So, what does this technological change mean for the sign and graphics industry, and how can you build certainty in your company when the future is so uncertain? Well, we can make some great guesses because it is already happening, if you care to ‘think strategically’, as Schwab says.

We know that signs and graphics have been merging with complimentary markets for several years. The line is very much blurred between signage, graphics, commercial print, garment, offset, interiors and architectural, POS displays, automotive restyling, and window films. Sign companies in the traditional sense are selecting some of these markets to be their secondary focus. The scale of difference between one to the other is wide-ranging, and distributors and suppliers within our markets are now offering a diverse range of products across a wide range of different audiences. However, we do all have something in common, and that is, we are all experts in visual.

When a retailer wants to rebrand instore, and they come to you, the sign company, they want to make emotional connections through architectural storytelling [creative]. However, they also want to go deeper. They want to provide personalised, customised in-store experiences as well and utilise their digital power [tech] within the bricks and mortar environment. I believe that the sign company is better placed to merge these two mediums, creative with tech, than any other provider. Moreover, we can do that with digital signage.

This technological drive is shifting the way brands communicate as they ultimately try to provide better in-store experiences. Of all the reasons why companies invest in digital signage, customer experience is in the top three, followed by increased customer engagement, and branding. (see Digital Signage Future Trends 2019 Report).

Brands are ‘tech’ing’ up to get their message out, and signage companies could be at the forefront of helping them implement some of this change.

Retailers are utilising the power of the cloud and mobile connectivity to deliver media-rich experiences to customers by integrating these technologies into the in-store experience. That includes using apps, wearables, and smartphones in store for wayfinding and on-demand support. Mobile, AI, the internet of things, and digital signage all have a part to play in delivering rich customer experiences.

This move towards customer engagement is going to be significant in the coming years, with interaction with mobile devices, touchscreens and audience recognition and measurement some of the top three trends.

You must look up from your immediate concerns and think outside the traditional signage space if you are to take advantage of it. Based on research, you have a decade to pivot (which is a lot of time). 

Digital signage is a threat to printed signage for some end-use applications, but certainly not all. Printed signage retains its advantage due to its flexibility across different substrates and mediums, and the fact that it doesn’t require sophisticated hardware. The opportunity to combine printed signage and screens is undoubtedly there for more effective marketing campaigns in the retail space. With a 17% growth forecast to 2024 and a decline in hardware costs, it’s also getting more comfortable to play in this space.

Though I don’t believe that digital signage is going to displace traditional signage, I do think it’s going to eat into portions of it. When this happens, you want to be well placed to get those helpings and pivot.
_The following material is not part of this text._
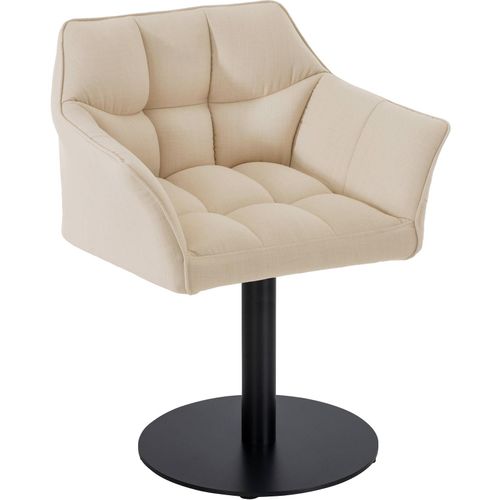 4251756488703 - Loungesessel Damaso I Esszimmerstuhl Mit Kunstleder- Stoff- Filz- Oder Samtbezug I Lounger Mit Schwarzem Metall-Gestell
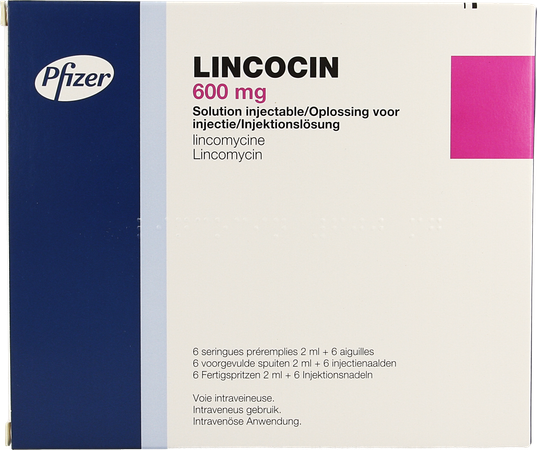 Lincocin Amp Ser Inj 6 X 600mg/2ml 3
It's is a bit like eating an elephant, through one bite at a time you can protect and grow your core business while developing a future growth engine.
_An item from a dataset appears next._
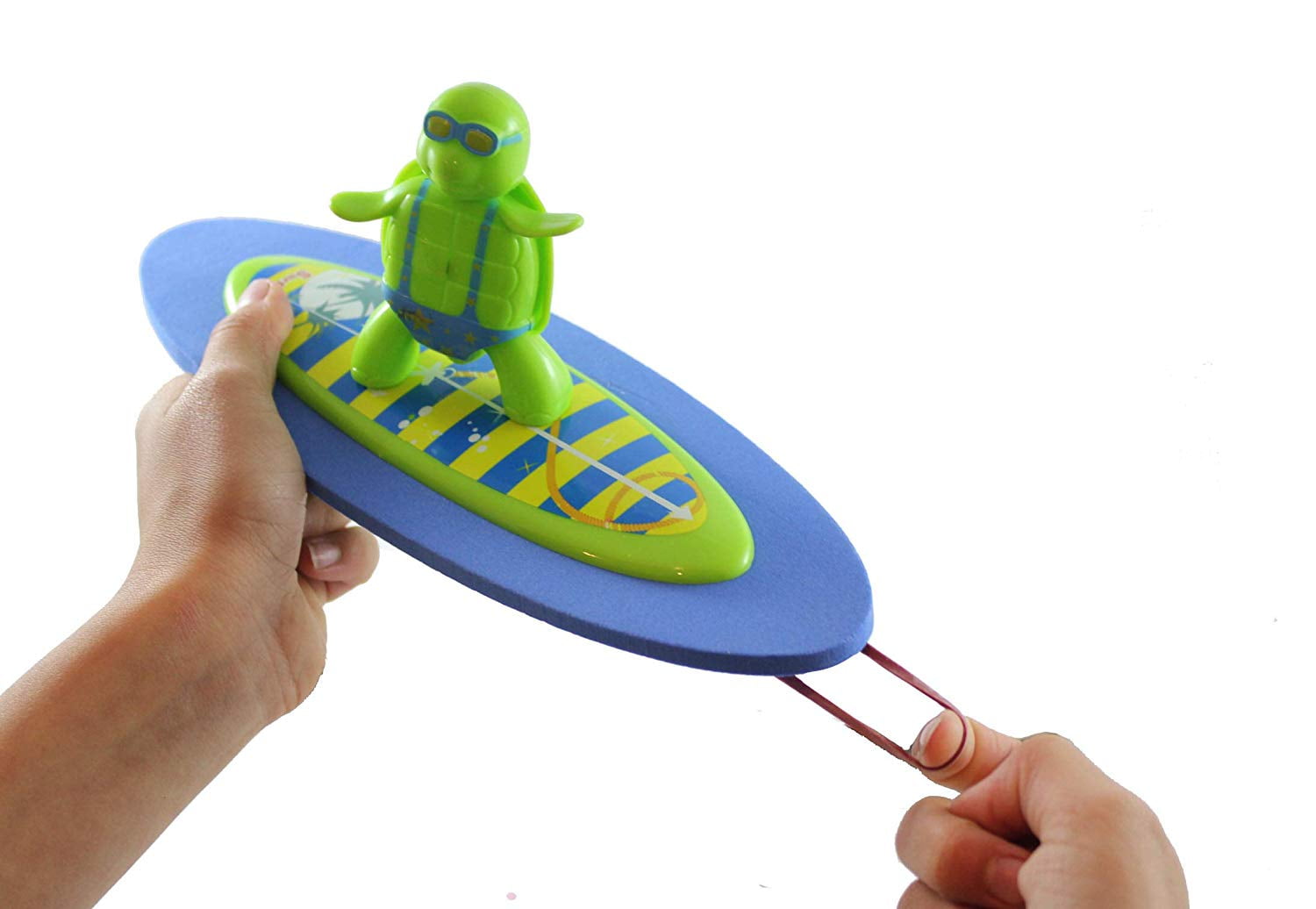 Water Pull String to Make it Surf Moving Pool or Bath Toy Surfing Turtle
Not only are signage companies precisely placed to install digital signage, but they can also offer so much more than ‘hang and bang.’ They can design and build the complete package around it. 
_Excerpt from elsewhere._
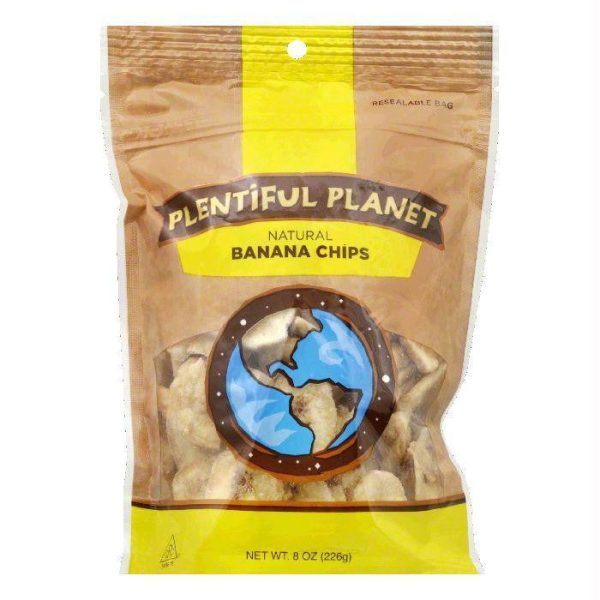 Plentiful Planet Banana Chip Fruit Bag, 10 OZ (Pack of 6) For Cheap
This creative storytelling journey that evokes the emotional response from customers is what brands are looking for. From fabrication and graphics to content on a screen, the value-add sign companies can offer to brands of whom they already have the relationships with, is enormous. 

We know that many signage companies are already dabbling in digital signage (and if you can remember, we originally 'dabbled' with as early as 2011)! This time, we mean business. And we have FIBRE! We also know that signage companies are ready to lead the charge, and so are we. Because it's not what is going to disrupt our business that is important. It's what is going to disrupt our customers.

Later this week we’re making a big announcement about what Computaleta are doing in this space, and it’s a BIG deal. 

Catch ya Thursday!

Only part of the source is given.